* Records for this task *
■ ■ ■ ■

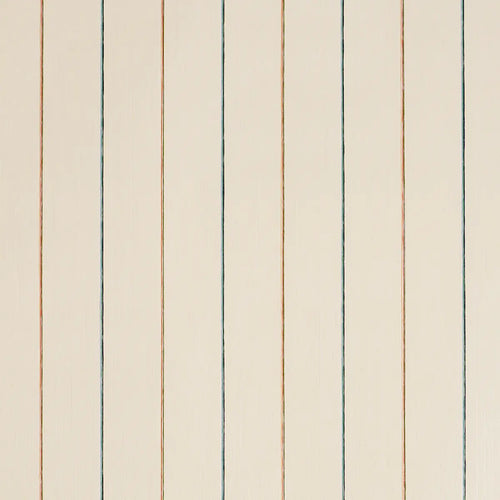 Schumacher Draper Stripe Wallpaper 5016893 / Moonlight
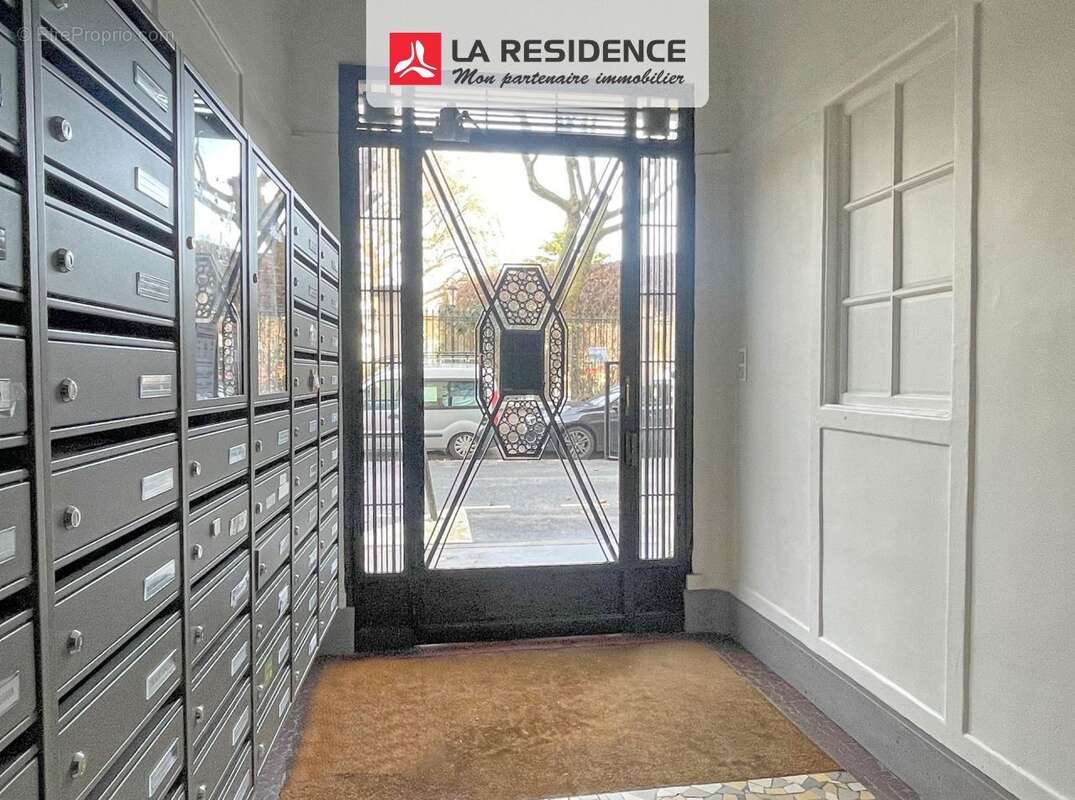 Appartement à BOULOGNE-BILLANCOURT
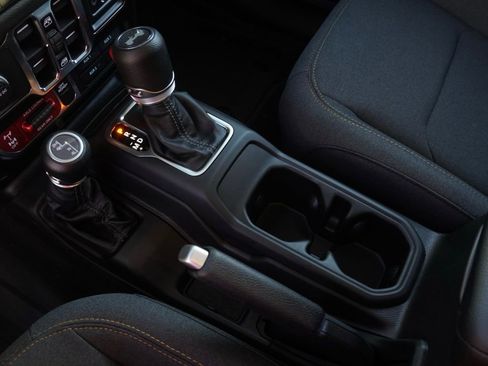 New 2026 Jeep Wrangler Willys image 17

■ ■ ■ ■

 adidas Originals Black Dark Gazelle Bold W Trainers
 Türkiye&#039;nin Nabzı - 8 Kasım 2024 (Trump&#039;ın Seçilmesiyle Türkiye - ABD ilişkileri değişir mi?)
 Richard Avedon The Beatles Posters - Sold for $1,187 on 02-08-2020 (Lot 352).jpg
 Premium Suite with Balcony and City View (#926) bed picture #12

■ ■ ■ ■

Using the listing above, copy exactly the line that contains "Richard Avedon The", the line that contains "Premium Suite with", and each line that falls between them.

 Richard Avedon The Beatles Posters - Sold for $1,187 on 02-08-2020 (Lot 352).jpg
 Premium Suite with Balcony and City View (#926) bed picture #12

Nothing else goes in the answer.